Certainly an author who has come to the experience of writing after having imbibed the contents of the family library seems much more respectable than one who has begun to construct his literary edifice after an acid trip. The quality of my early poetics seems scanty if, as I am saying, it was basically sustained by a drug that simply widened my visual field of perception. And yet, I’m not sure now that I should reproach myself at all, rather quite the reverse. Because while it’s true that later on I read quite a lot and my literary knowledge was strengthened, it’s also true that LSD, by opening up my visual field, was not at the time by any means an insignificant source of inspiration. Besides, some of those perceptions of a distinct reality have lasted firmly and still today carry a highly remarkable energy, and are the reason I can laugh at realist writers, for example, who duplicate reality and so impoverish it.

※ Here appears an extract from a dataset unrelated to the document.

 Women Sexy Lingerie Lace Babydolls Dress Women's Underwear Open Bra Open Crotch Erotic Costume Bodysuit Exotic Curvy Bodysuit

This passage went a good way towards explaining Vila-Matas as a writer to me. I’ve never read anything by him before and didn’t know what to expect. I’m glad that I read this novel first, because I’m sure that understanding his approach to writing – his delighting in irony, his use of parody, his playfulness with paradox – will make future readings of his works more satisfying.

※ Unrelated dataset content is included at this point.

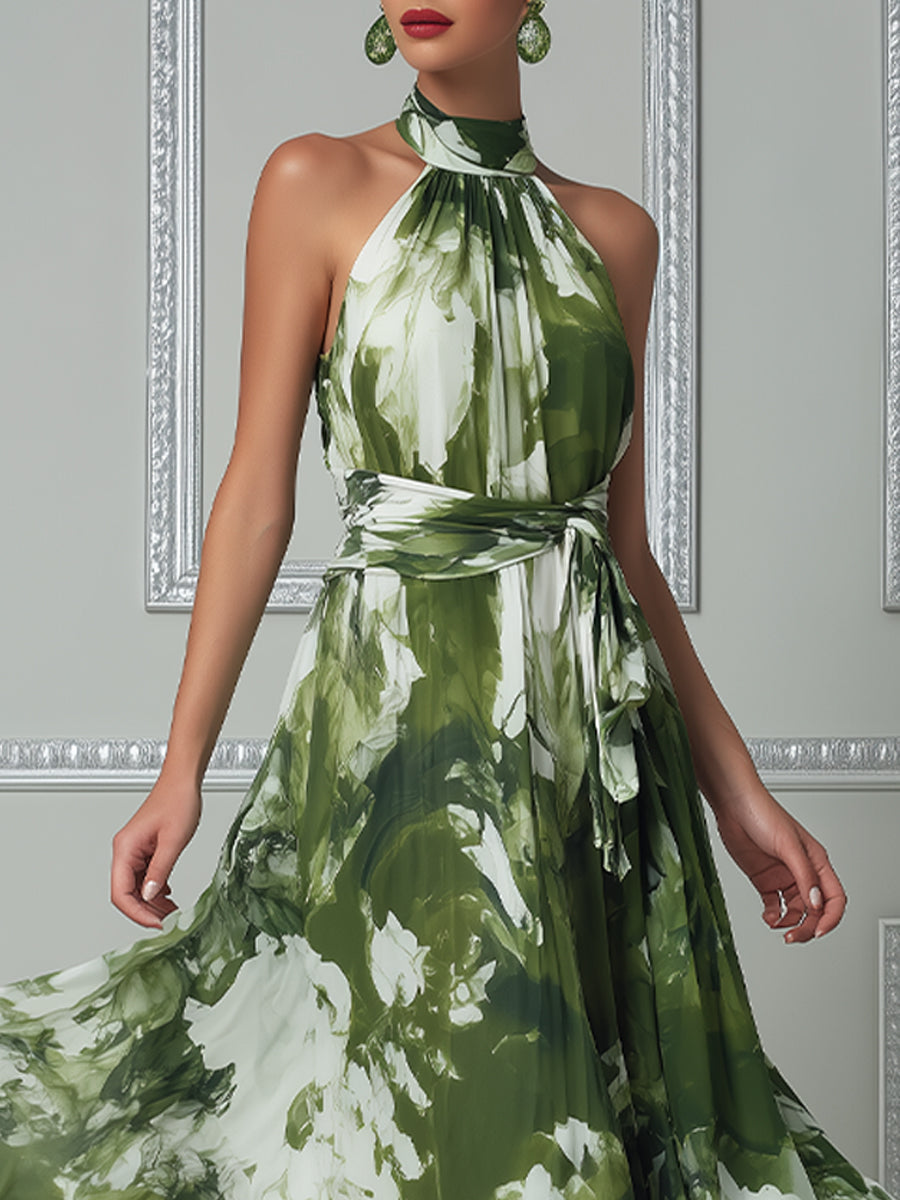 Botanical Impressionist Halter Maxi Dress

The things I enjoyed most about the book were the wry humour and the little gems of wisdom scattered among the occasionally disastrous experiences that Vila-Matas gathers during his Paris sojourn. It’s very funny in the way the author acknowledges how seriously he took himself and needed to be taken by others, at the same time as he laughs at his own absurdity. And for all that the Vila-Matas of the novel claims to have been poor and unhappy in Paris, this faux-memoir is a hymn to Paris’s charms. Vila-Matas visits every café that Hemingway frequented and, much as Hemingway was among famous contemporaries and had famous mentors when he first lived in Paris, Vila-Matas is surrounded by a mix of established auteurs, members of the nouvelle vague, and Spanish and Latin American contemporaries. It is rich company for him to feel mediocre and out of his depth in, as he attempts to triumph.